Moradores e organizações do movimento negro pedem preservação dos vestígios arqueológicos encontrados no local das obras e reivindica que a memória negra do bairro não seja apagada

Mayara Nunes

O Movimento Mobiliza Saracura Vai-Vai, articulação que reúne cerca de 150 coletivos, movimentos sociais e organizações da sociedade civil, entrou com uma ação em defesa do patrimônio histórico cultural afro-brasileiro nesta terça-feira (7) encontrado durante as escavações da linha 6 laranja do metrô, sob responsabilidade da Concessionária Linha Universidade S.A. 

Entre as ruas Dr. Lourenço Granato e Manuel Dutra, no bairro do Bixiga, está localizado o sítio arqueológico Saracura/14 bis. O local que ainda hoje é marcado pela presença negra em seus sobrados, vielas, espaços culturais e casas de samba abrigou um dos primeiros quilombos da cidade de São Paulo, o Quilombo do Saracura, também  denominado como “Quadrilátero Negro” e traz vestígios de uma ocupação histórica no século XIX e início do século XX.  

A área foi cadastrada no Instituto do Patrimônio Histórico e Artístico Nacional (IPHAN), que reconheceu sua relevância para a preservação da memória negra na cidade de São Paulo,  “o órgão anuiu ao licenciamento da obra em 2017 dispensando a pesquisa arqueológica prévia exigida na legislação” e “não considerou a paralisação das obras ou a reavaliação da anuência concedida ao licenciamento ambiental do empreendimento, o que ameaça a busca e valoração arqueológica e histórica dos materiais que se encontram e que ainda poderão ser encontrados”, afirma o Dr.
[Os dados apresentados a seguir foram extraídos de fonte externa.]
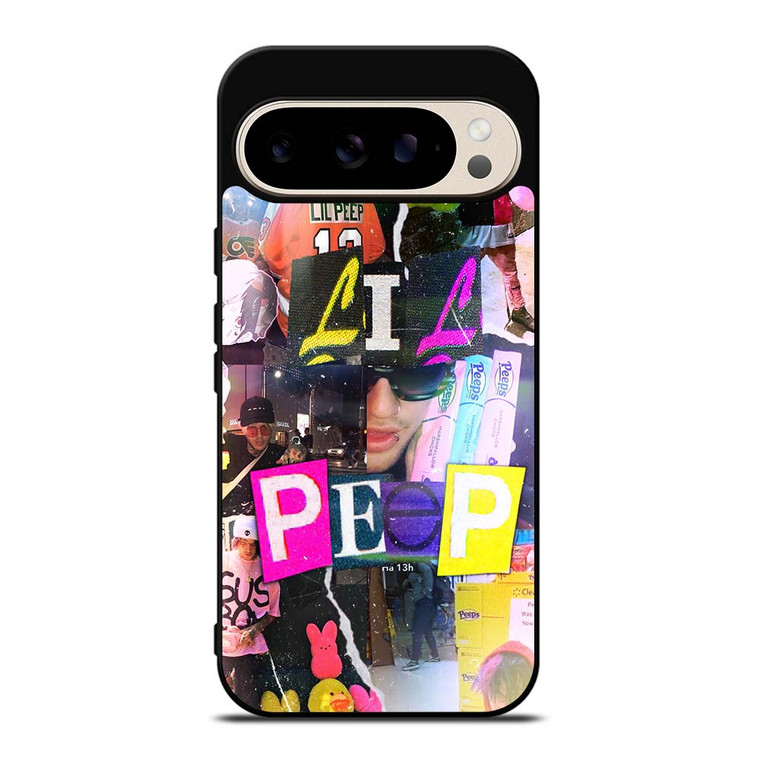 LIL PEEP AESTHETIC Google Pixel 9 Pro Case Cover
Hédio Silva, advogado e coordenador executivo do IDAFRO. 

A região, herdeira de uma tradição quilombola atravessou o século ressignificando o local e a paisagem do notável Bixiga com a cultura popular negra do samba e dos povos de matriz africana. O Bixiga é um bairro negro ancestral e altamente comunitário, uma referência cultural para a cidade de São Paulo e para o Brasil. Um patrimônio nacional. 

A partir das peças que já foram encontradas, se faz necessária uma busca com o devido acautelamento em relação às condições climáticas e às próprias exigências da obra e, que leve em consideração as especificidades da cultura negra, tendo em vista aspectos sociais, culturais e religiosos, dos arquivos fósseis que apontam indícios e peculiaridades históricas e geográficas do bairro. Uma história que precisa ser pesquisada e recontada, mas que corre o risco de ser destruída. 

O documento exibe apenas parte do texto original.